Brücke oder KrückeSoftware-Lücke

Abwehr taugt nicht zur Aufholjagd

Mut zur Lücke ist manchmal nötig, aber mitunter gefährlich. Das gilt vor allem für die Software-Lücke, die sich hierzulande bei Unternehmen ebenso wie bei Banken auftut. Bloße Abwehr führt nicht weiter.

Abwehr taugt nicht zur Aufholjagd

Abwehr taugt nicht zur Aufholjagd

Von Heidi Rohde

Software-Lücke

Wenn es an einem hierzulande nicht mangelt, dann am Mut zur Lücke: Bildung, Forschung, Investitionen, alles lückenhaft. Noch am leichtesten schließen lässt sich die notorisch verbreitete Finanzierungslücke, indem man sie mit Geld zuschüttet. Hartnäckiger und weitreichender sind stattdessen technologische Engpässe. So offenbart sich bei deutschen Unternehmen und auch bei Banken zunehmend vor allem eine Softwarelücke. 

Auffällig ist sie seit geraumer Zeit in der Autoindustrie. Die über Jahrzehnte erfolgsverwöhnte Branche hat die Metapher vom Smartphone auf vier Rädern so lange belächelt, bis ihr plötzlich klar wurde, dass Apple und Google für das Gros der Kunden zum unverzichtbaren Beifahrer geworden sind. Mit Blick auf die elektronische Weiterentwicklung der Fahrzeuge, in der weit mehr Wertschöpfung steckt als in Reifen, Lack und Rallyestreifen, schwingt sich Big Tech in den Fahrersitz.

Bestrafung des Kunden

Wer eine Aufholjagd starten will, ist mit einer Blockade aber noch selten vorangekommen. Die Verbannung der jüngsten Autosoftware-Edition von Apple und Google, mit denen diese Zugriff auf den reichen Datenschatz der Fahrzeuge erhielten, bestraft nicht zuerst die Tech-Giganten, sondern die Kunden.
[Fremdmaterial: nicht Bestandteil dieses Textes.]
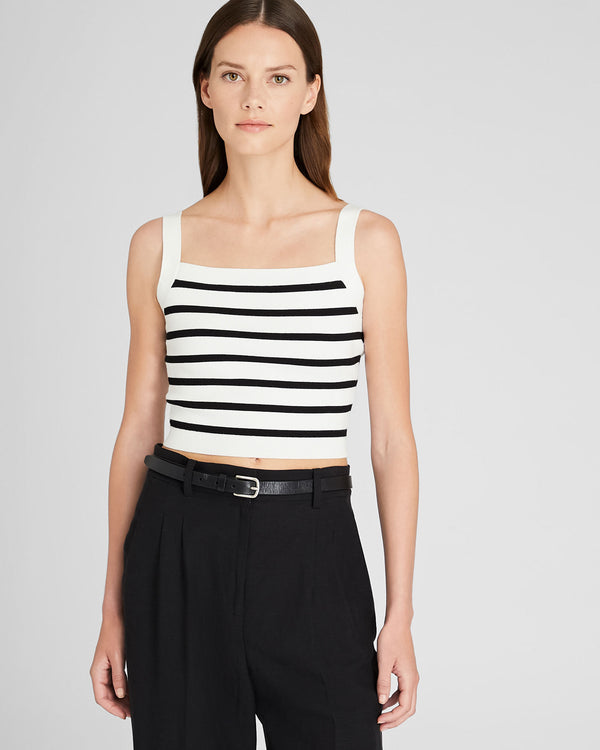 club monaco Cropped Sweater Tank White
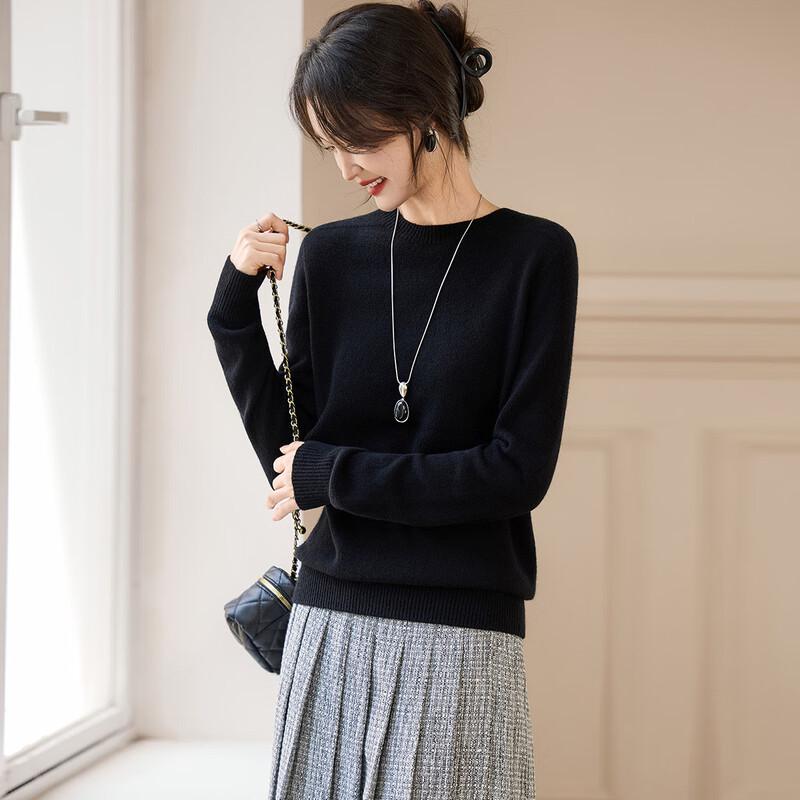 Srcr Women's 100% Wool Autumn/Winter Knit Sweater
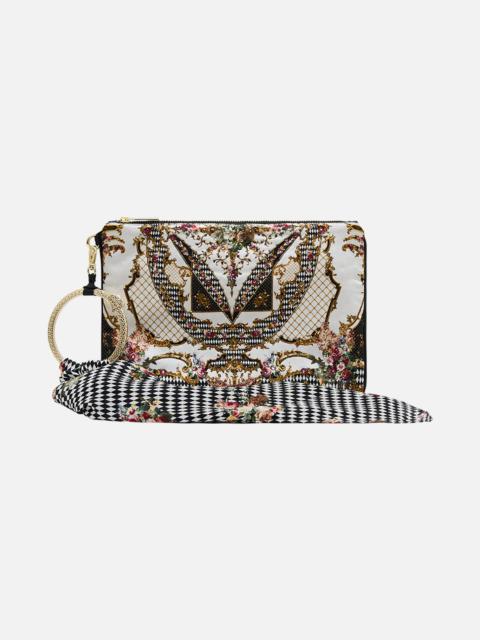 CAMILLA RING SCARF CLUTCH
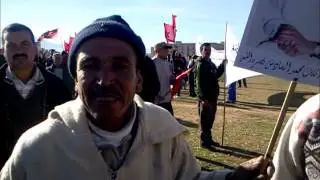 اعتصام لسكان أراضي آيت عمير بقصبة تادلة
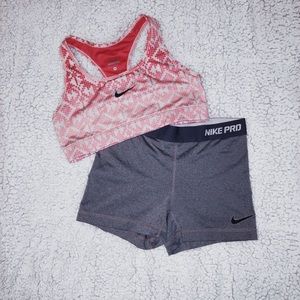 Gray Nike Pro Spandex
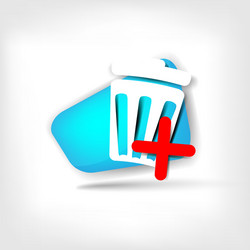 recycle sign web icon vector image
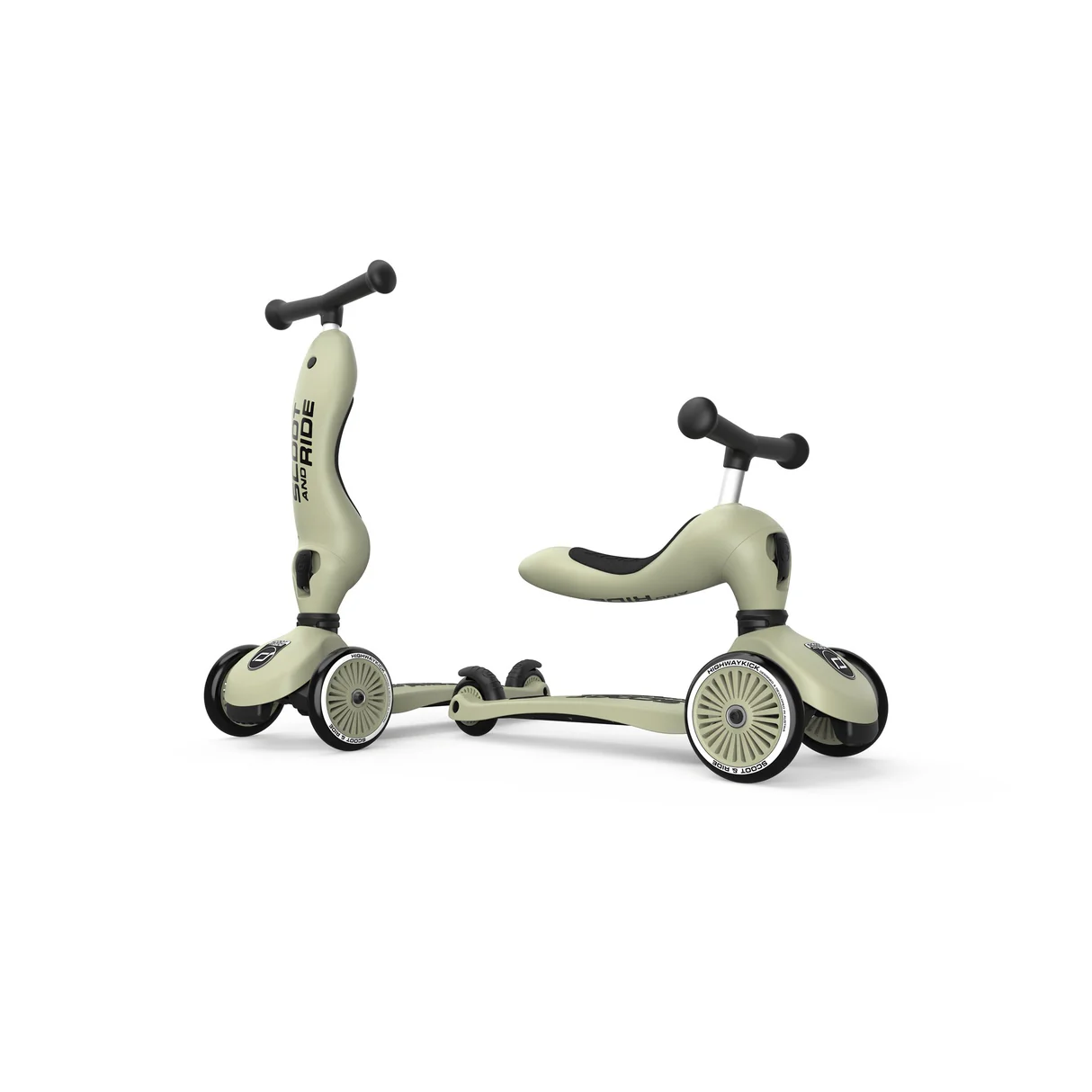 Самокат Scoot and Ride серії Highwaykick-1, оливковий, 1-5 років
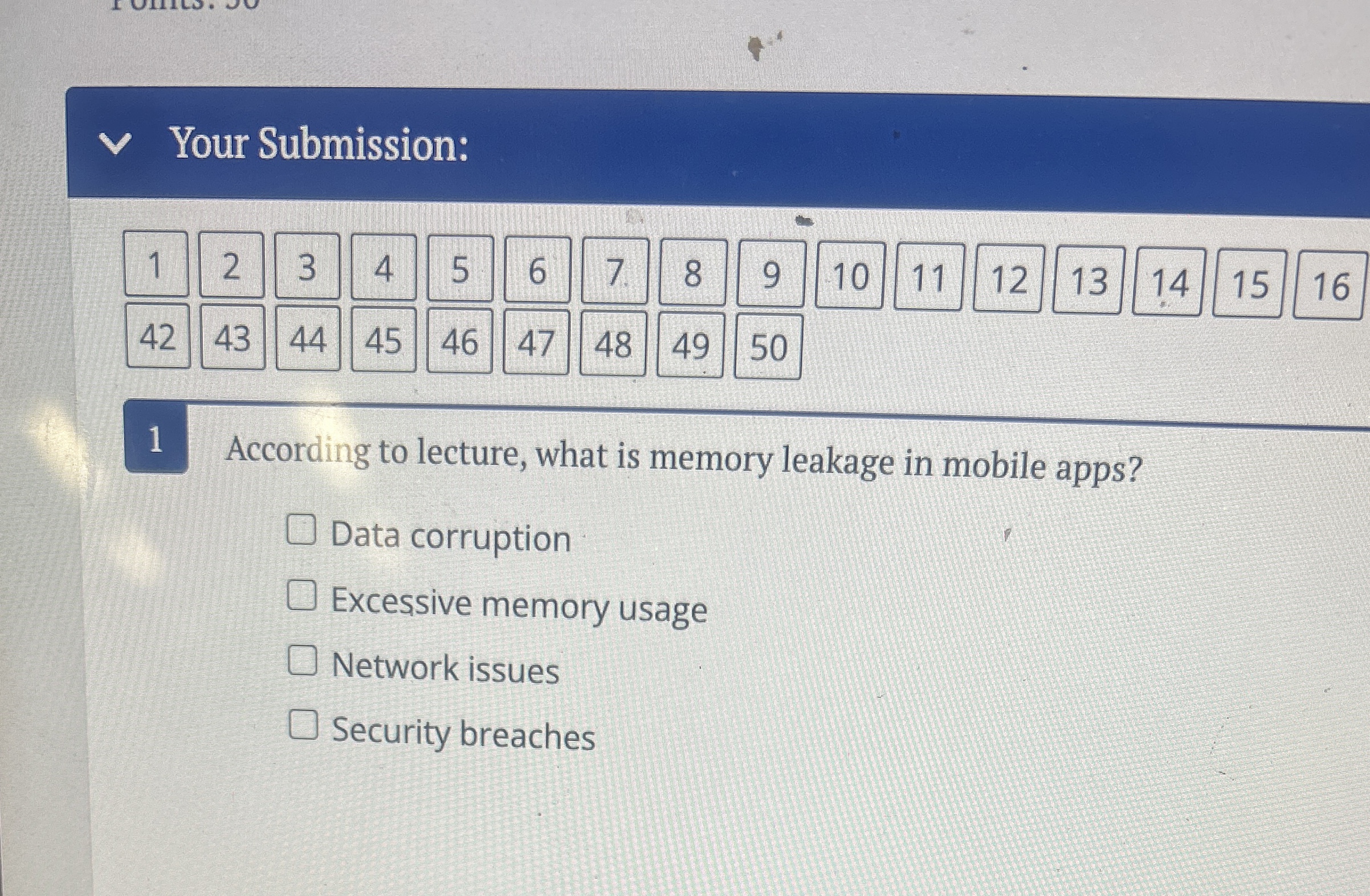 Your Submission: 1 2 3 4 5 6 7 . 8 9 1 0 1 1 1 2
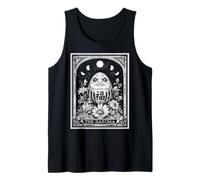 Carta del Tarot japonés The Daruma Lucky Doll Witchy Moon Camiseta sin Mangas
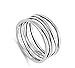 Knot Bar Line Design Polished Cute Ring New .925 Sterling Silver Band Size 8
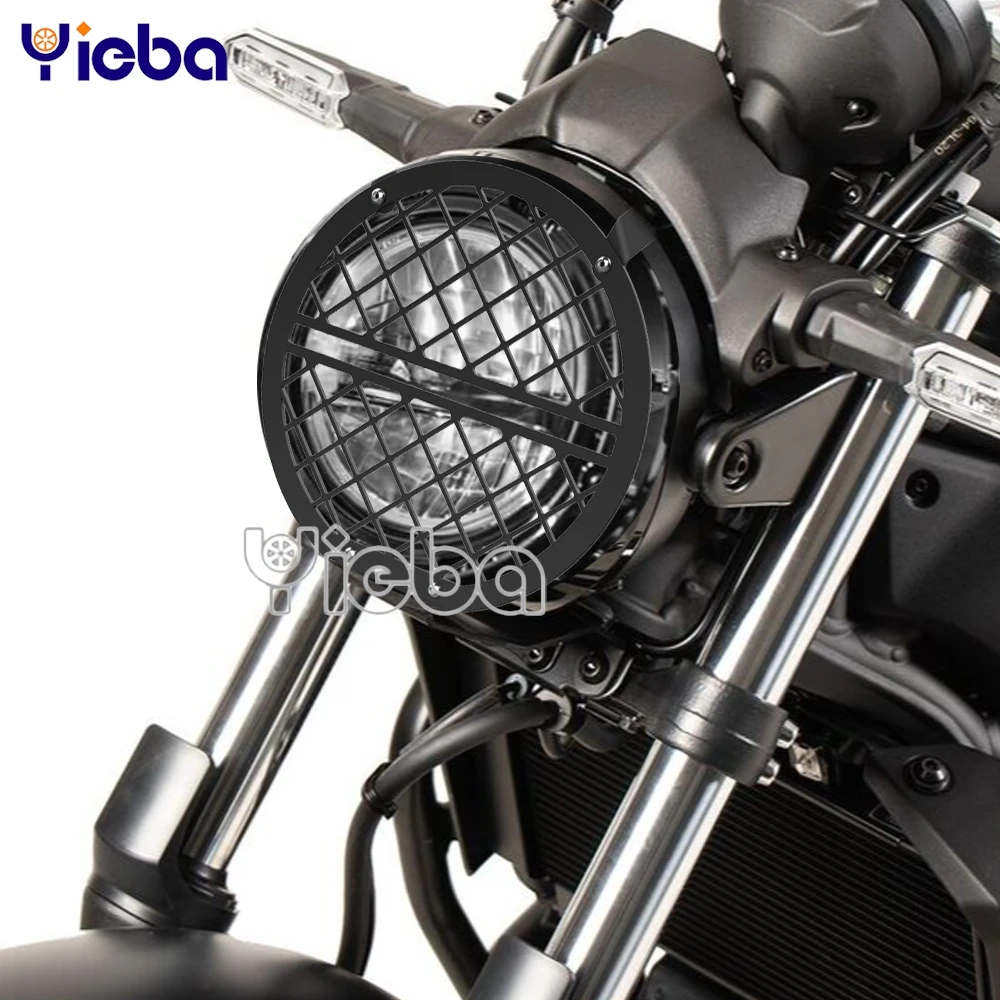 

Eliminator500 Motorcycle Headlight Guard Head Light Protector Grill Cover Protection For Kawasaki Eliminator 500 2024 2025 2026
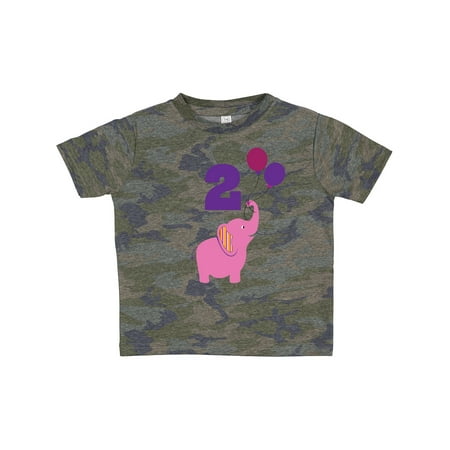 Inktastic 2nd Birthday Elephant Girls Cute Gift Toddler Toddler Girl T-Shirt 
Inktastic 2nd Birthday Elephant Girls Cute Gift Toddler Toddler Girl T-Shirt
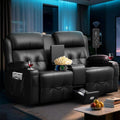 Loveseat Recliner Sofa, Home Theater Seating Massage Reclining Couch by TOMOSLTER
Mit hohen Kosten: Ein Streamingdienst schmeißt schließlich auch nicht die beliebtesten Blockbuster aus dem Programm, ohne Abonnenten zu verlieren.

Filiale hat ausgedient

Ähnlich überzeugungsarm wie Reifen, Lack und Rallyestreifen für den Autofahrer sind mittlerweile für viele Bankkunden die persönlich erbrachten Dienste des freundlichen Filialmitarbeiters. Der begrüßt den Kunden – hier klafft die Fachkräftelücke – beim Eintritt in die ländliche Niederlassung meist nur dienstags und donnerstags zwischen 11 und 13 Uhr. Ansonsten grüßt der fast genauso fähige Automat. Derlei Kundendienst braucht den Vergleich mit dem voll digitalisierten Retailbanking, mit dem inzwischen nicht nur Neobanken, sondern auch immer mehr europäische Konkurrenten den deutschen Privatkunden umgarnen, gar nicht erst zu suchen. Für Volksbanken und Sparkassen wird es als Antwort kaum ausreichen, auf die Bindungskraft der Tradition setzen. Wie die Autoindustrie müssen sie zügig ihre offene Flanke in der Software schließen. Experten attestieren dem Online-Banking deutscher Finanzdienstleister nicht nur eine oftmals veraltete IT-Infrastruktur, sondern ebenso mangelnde Bedienfreundlichkeit. Auch das eine Parallele zur Autoindustrie.